Still wouldn’t say no to a free pig, though


9 responses to “There’s No Such Thing as a Free Pig

  1. Lucky you seeing a kingfisher!
    I hope that you’re feeling better and have a good weekend.

  2. I’m impressed, kingfisher in London (although I would expect one in your neck of the woods if anywhere ..)

  3. Those damned pigs are everyhwere. They’re supposed to be stress-busting squeezy things, but a former colleague of mine ripped the head off her pig in rage. It got rid of her stress though, but only works the once.

  4. They’d only have to innocently give give one to a militant Muslim commuter and we’ll end up with a protest in Trafalgar Square and pink squeezy pigs being burned on the streets of France. Mmmmmmmmm……..bacon.

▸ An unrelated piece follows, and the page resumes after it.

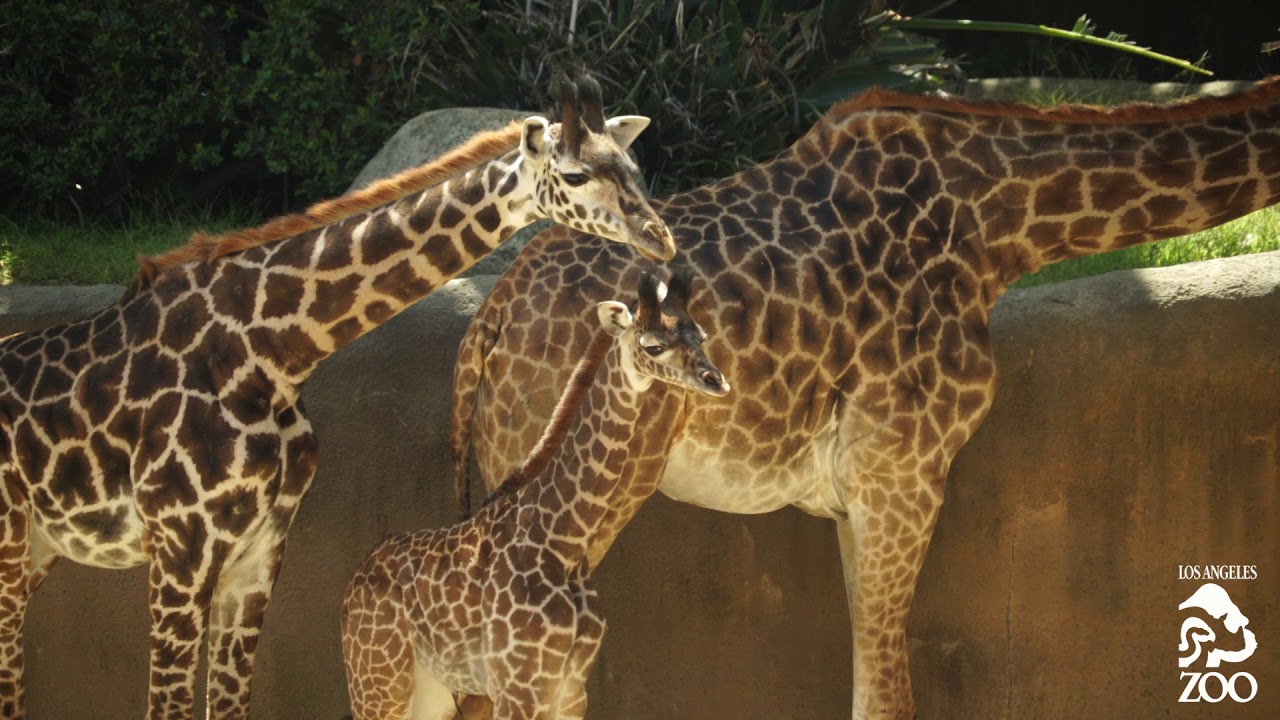 L.A. Zoo Welcomes Newborn Giraffe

  5. Worcesterpark – there have been protests in Trafalgar square for the last 3 weekends in a row … I wondered what it was about. Disgruntled muslims, or maybe disgruntled zone 3-ites.
    Flighty & Claire – you’d be surprised what I see out of my office window. But no pigs, not even flying ones

  6. This isn’t related to the pig, I just read this on and it reminded me of some of the things I’ve read on your blog. I hope you will find it amusing, since you don’t have
    to experience the aggravation of living through it…or at least find some comfort in the fact that transportation incompetence isn’t limited to your small corner of the world.
    Conductor: Local, this is a 7 local. 33rd Street next.
    Loudspeaker: Attention Flushing-bound 7 train. You are not a local. You are an express train. Your next stop is 61st-Woodside. Now let the people in and close your doors.
    –Queensboro Plaza 7 station

  7. Rebecca – ha! Brilliant … almost worth being trapped on the wrong train for …

  8. I’m one of the lucky drowning in an avalanche of free crap. In the past month I have gotten 1 of those demonic pigs, an offensively orange umbrella, a tacky lime green insulated lunch bag with samples of a new fangled soya drink that contains far more sugar than one should consume in a week, and a free first class ticket to Manchester from Virgin. Why would I want to go to Manchester when I already have to cross zones?

  9. but a first class rail ticket to Manchester is worth actual money … oh no, hang on, you said Virgin … And besides, was it a return, or would you be stuck in Manchester for ever?